+++ DATA PROVIDED +++
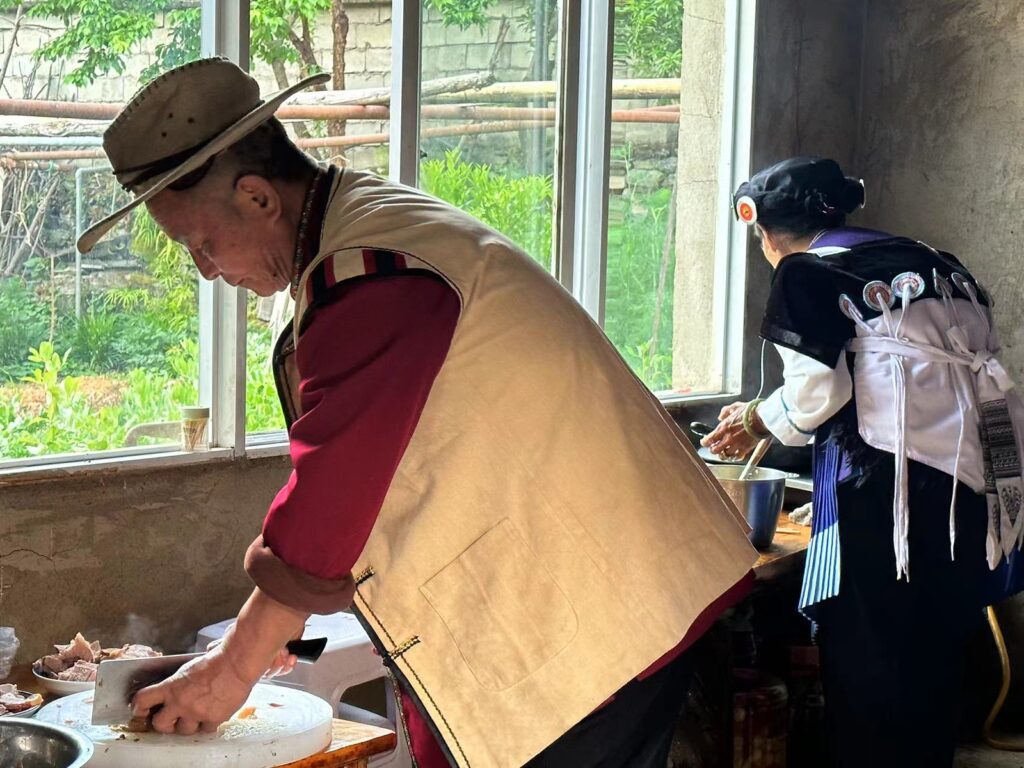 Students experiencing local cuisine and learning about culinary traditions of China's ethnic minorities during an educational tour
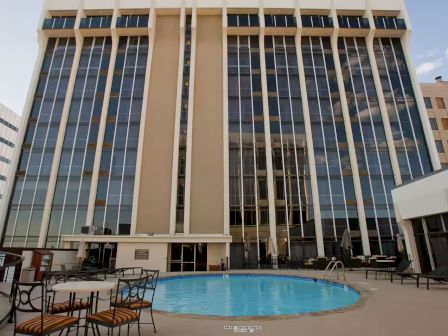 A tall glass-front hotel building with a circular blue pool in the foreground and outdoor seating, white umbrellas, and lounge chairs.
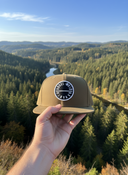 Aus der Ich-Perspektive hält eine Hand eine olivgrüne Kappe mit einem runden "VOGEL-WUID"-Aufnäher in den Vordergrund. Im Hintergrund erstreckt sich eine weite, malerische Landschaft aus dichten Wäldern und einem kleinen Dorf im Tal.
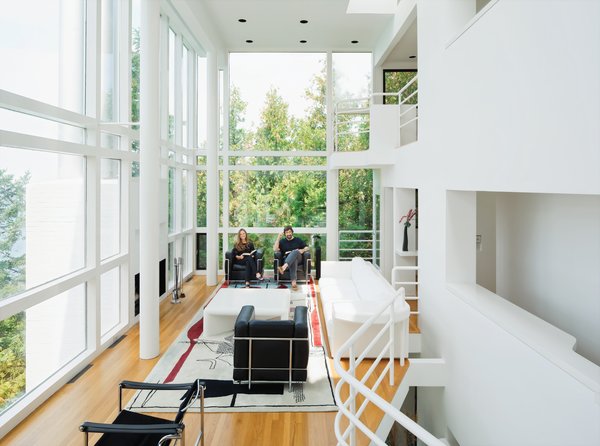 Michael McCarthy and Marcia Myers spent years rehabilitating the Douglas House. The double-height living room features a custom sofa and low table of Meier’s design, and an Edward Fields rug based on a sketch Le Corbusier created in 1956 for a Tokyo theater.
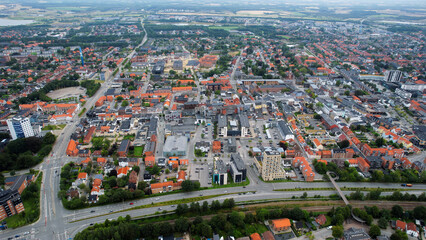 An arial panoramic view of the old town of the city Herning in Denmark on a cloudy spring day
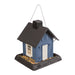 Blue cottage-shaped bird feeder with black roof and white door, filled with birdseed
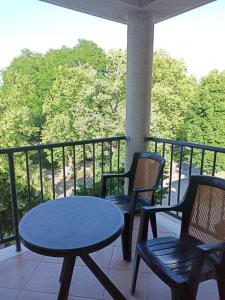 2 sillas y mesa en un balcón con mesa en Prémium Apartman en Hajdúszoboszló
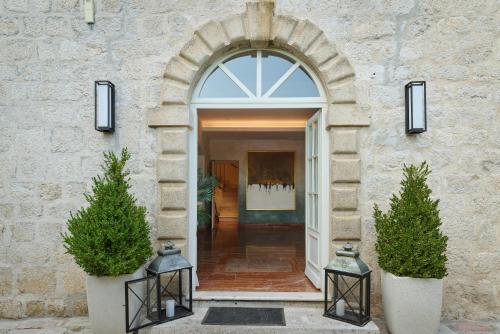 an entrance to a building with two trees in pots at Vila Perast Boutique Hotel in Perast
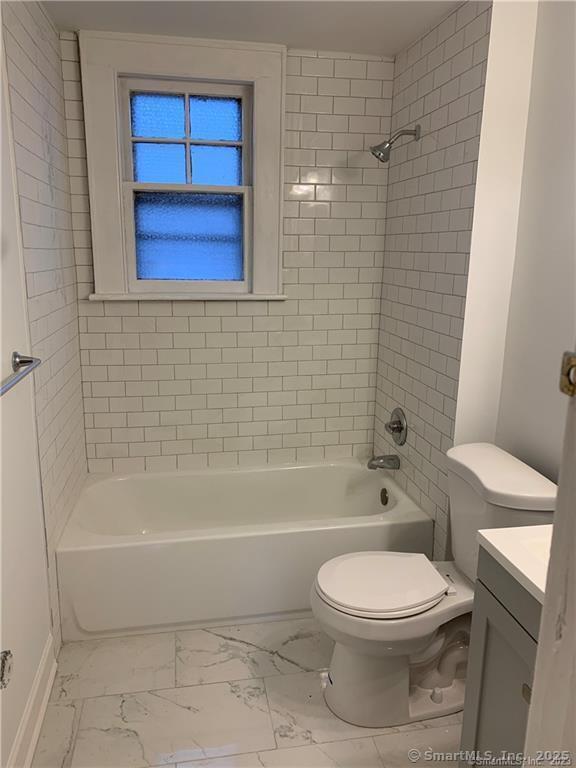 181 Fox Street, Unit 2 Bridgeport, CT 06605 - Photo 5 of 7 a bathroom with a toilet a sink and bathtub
+++
# [ACTIVITY]
Keep the pictures out and transcribe the entries exactly.

# [SOLUTION FOR THIS PROBLEM]
 Students experiencing local cuisine and learning about culinary traditions of China's ethnic minorities during an educational tour
 A tall glass-front hotel building with a circular blue pool in the foreground and outdoor seating, white umbrellas, and lounge chairs.
 Aus der Ich-Perspektive hält eine Hand eine olivgrüne Kappe mit einem runden "VOGEL-WUID"-Aufnäher in den Vordergrund. Im Hintergrund erstreckt sich eine weite, malerische Landschaft aus dichten Wäldern und einem kleinen Dorf im Tal.
 Michael McCarthy and Marcia Myers spent years rehabilitating the Douglas House. The double-height living room features a custom sofa and low table of Meier’s design, and an Edward Fields rug based on a sketch Le Corbusier created in 1956 for a Tokyo theater.
 An arial panoramic view of the old town of the city Herning in Denmark on a cloudy spring day
 Blue cottage-shaped bird feeder with black roof and white door, filled with birdseed
 2 sillas y mesa en un balcón con mesa en Prémium Apartman en Hajdúszoboszló
 an entrance to a building with two trees in pots at Vila Perast Boutique Hotel in Perast
 181 Fox Street, Unit 2 Bridgeport, CT 06605 - Photo 5 of 7 a bathroom with a toilet a sink and bathtub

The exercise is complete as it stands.